- [What you are asked to do]: Once the line holding "Trosoban stan, Čair" appears, repeat it and each line after it to the end of the data, exactly and with nothing else; pictures stay out.

- [Available data]:
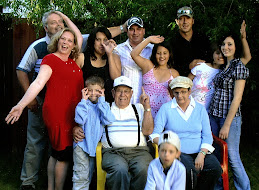The Brooks Gang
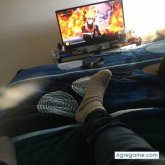 gerardoibarra9230 chico soltero en Salinas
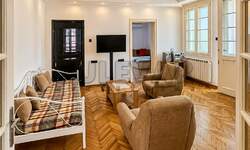 Trosoban stan, Čair · 106m² · 550€ | SveNekretnine
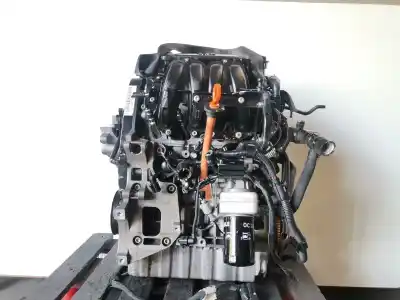 Pièce détachée automobile d'occasion MOTEUR COMPLET pour VOLKSWAGEN GOLF V (1K1)  Références OEM IAM BGU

- [Reply]:
 Trosoban stan, Čair · 106m² · 550€ | SveNekretnine
 Pièce détachée automobile d'occasion MOTEUR COMPLET pour VOLKSWAGEN GOLF V (1K1)  Références OEM IAM BGU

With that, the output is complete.